Monday, June 16, 2008

New Oklahoma Record Set Today

The headline on this article says it all, "Sewage disaster leaves over 700 gallons of human feces in woman's home. This is the largest amount of crap in a home in Oklahoma since a coaches barbecue at Howard Schnellenberger's home in August 1995.

Thursday, June 12, 2008

Will Sam Bradford have a soph slump like My Little Pony?

Got to wondering this today while driving back to work after picking up a copy of Phil Steele's preview. In 07, Bradford shattered (36) McCoy's one-year old record for TDs by a freshman (29). McCoy followed that up with over 3000 yards and 22 TDs, but threw 18 picks. What will Sam do? I respectfully submit my thesis that Bradford will not slump.

Offensive Line Stability - McCoy started 2007 with three new starters on the offensive line, including having to replace two All Big 12 selections. McCoy was sacked 24 times in 07, only 14 in 2006. Bradford returns 6 offensive line starters (with at least six starts) and the top ranked o-line heading into 2008. The unit has accumulated 130 career starts.

Coaching - Longhorn offensive coordinator Greg Davis' best coaching move career to date has been to tear up the playbook and start listening to Vince Young's ipod. After a couple of games last year year, the Horn coaching staff began to realize that McCoy was not VY, and they veered away from zone read and related abuse to McCoy from defenders. The Sooners offensive coaching knows Sam is a drop back passer. The O-line and RBs will be quite sufficient to allow Sam to continue to progress as a top notch QB.

Defense - the Longhorn defense allow 7 pts more per game in 2007 than 2006. This forced McCoy to be more aggressive on the offensive side of the ball and he ended up taking risks that did not pay off. The Sooners will be green in the back seven, but the D line could be special. Assuming Ryan Reynolds stays healthy, and at least one of the highly touted LB recruits pans out, the LB corp will be fine. The linebackers will also be aided by convert Keenan Clayton, who served as an over-agressive safety when on the field the past two years.
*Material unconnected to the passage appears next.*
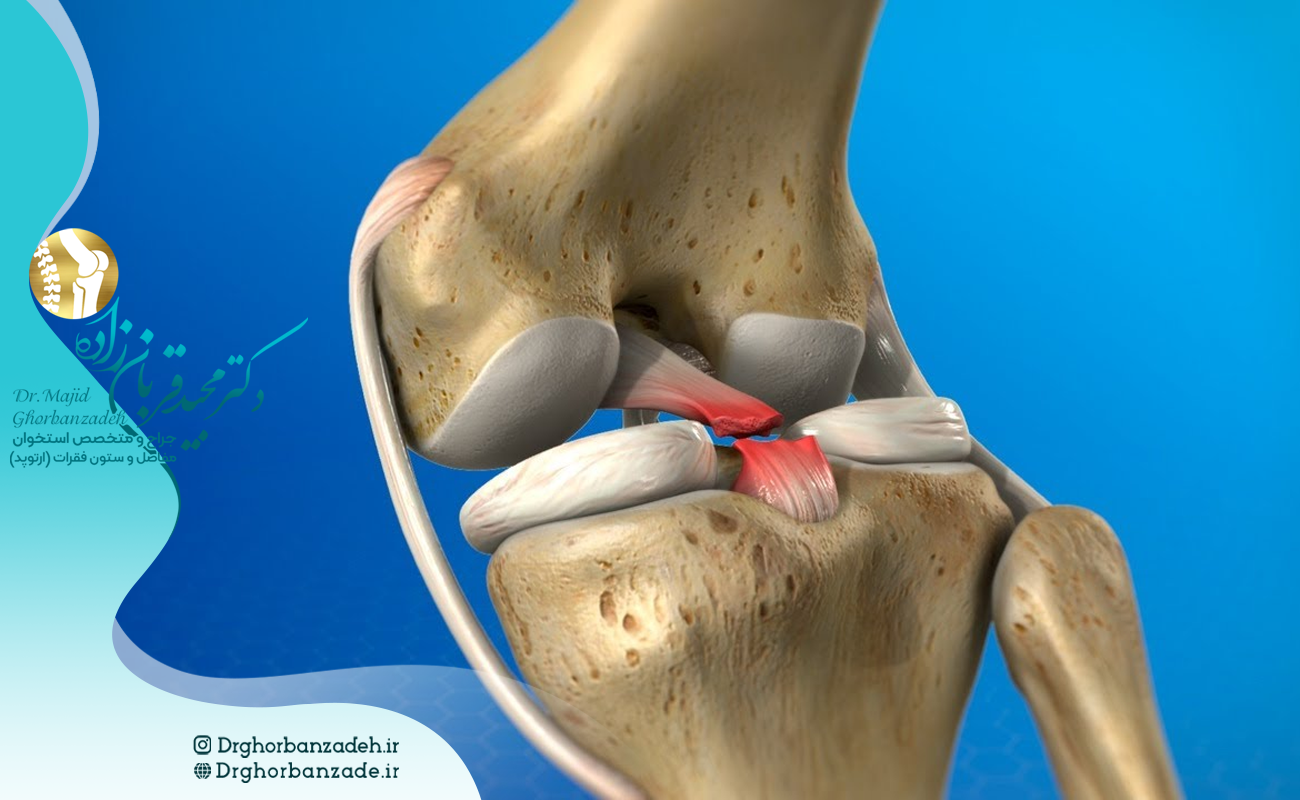 آیا رباط صلیبی بازسازی میشود؟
The DBs will be stabilized by Lendy Holmes and Nic Harris. IMO, Marcus Walker and Reggie Smith did not live up to their recruiting hype, and their loss may not be as big as one would expect.
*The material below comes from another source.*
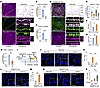 ANGPT2 and TIE2 differentially interact with active and inactive β1-integri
Criminal Justice - the Horns majored in Criminal Justice studies through most of the summer and early fall workouts, leading to distractions and uncertainty on the team, which led to faulty execution. The night life options are much less tempting in Norman than our neighbors to the south in Austin. The kids just drink in the dorms, so you don't have to drive back home. It's simpler that way.

There's my theory. Read it and weep.

Tuesday, May 27, 2008

New Compliance Efforts Announced

The Associated Press found that the Sooners have made several adjustments to compliance practices in response to "the Troubles" of 2005. Most notably, the Sooners have limited employers to only employing 5 Sooners at once. After obtaining additional infromation via the None of Your Damn Business Act, LandThieves identified the other restricitons put in place by the Sooners;


  1. Only one player can distribute drugs at any given time. This will mitigate recurrence of an unfortunate instance from 1989 when Charles Thompson was arrested for selling cocaine and many people were surprised it wasn't Jamelle Holieway.
  2. Automobile dealerships are limited to providing U.S. built automobiles to athletes.
  3. Players may only accept exempt positions, elimating that pesky "reporting of hours" problem.
  4. Employers are required pay employee-athletes in small, unmarked bills.
  5. The company responsible for maintaining the artificial turf at Gaylord Family Memorial Stadium has been relieved of it's duties.
  6. The contract for mowing the infield grass at Marita Hynes Field has been terminated.

The Sooners believe these measures will keep the NCAA at bay for a while.

Monday, May 26, 2008

Memorial Day

Work and travel made it difficult to properly memorialize Sooner great Jack Mildren last week.

On Memorial Day, in a completely insufficient tribute to those who died fighting for our freedoms to do stuff like post stuff online for free, here's a link to a fabulous SI story by William Nack about Sooner Bob Kalsu, who died serving our country during the Vietnam War.

Take a moment to remember those who paved the way.